◆ TASK BRIEF ◆
Please restate the data word for word, leaving out no line.

◆ Saved entries ◆

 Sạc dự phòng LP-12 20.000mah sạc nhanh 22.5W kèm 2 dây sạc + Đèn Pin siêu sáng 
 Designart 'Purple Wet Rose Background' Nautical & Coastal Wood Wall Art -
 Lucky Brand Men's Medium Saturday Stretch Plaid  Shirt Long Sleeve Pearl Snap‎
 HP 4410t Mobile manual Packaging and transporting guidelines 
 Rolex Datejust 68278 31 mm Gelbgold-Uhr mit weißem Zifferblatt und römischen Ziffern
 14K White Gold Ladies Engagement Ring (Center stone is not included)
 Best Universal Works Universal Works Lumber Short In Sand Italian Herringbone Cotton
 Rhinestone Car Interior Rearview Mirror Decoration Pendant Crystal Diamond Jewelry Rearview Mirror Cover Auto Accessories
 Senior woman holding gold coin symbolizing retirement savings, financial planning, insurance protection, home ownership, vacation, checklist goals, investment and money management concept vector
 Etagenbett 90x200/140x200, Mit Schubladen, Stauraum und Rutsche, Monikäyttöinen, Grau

◆ WRITTEN ANSWER ◆
 Sạc dự phòng LP-12 20.000mah sạc nhanh 22.5W kèm 2 dây sạc + Đèn Pin siêu sáng 
 Designart 'Purple Wet Rose Background' Nautical & Coastal Wood Wall Art -
 Lucky Brand Men's Medium Saturday Stretch Plaid  Shirt Long Sleeve Pearl Snap‎
 HP 4410t Mobile manual Packaging and transporting guidelines 
 Rolex Datejust 68278 31 mm Gelbgold-Uhr mit weißem Zifferblatt und römischen Ziffern
 14K White Gold Ladies Engagement Ring (Center stone is not included)
 Best Universal Works Universal Works Lumber Short In Sand Italian Herringbone Cotton
 Rhinestone Car Interior Rearview Mirror Decoration Pendant Crystal Diamond Jewelry Rearview Mirror Cover Auto Accessories
 Senior woman holding gold coin symbolizing retirement savings, financial planning, insurance protection, home ownership, vacation, checklist goals, investment and money management concept vector
 Etagenbett 90x200/140x200, Mit Schubladen, Stauraum und Rutsche, Monikäyttöinen, Grau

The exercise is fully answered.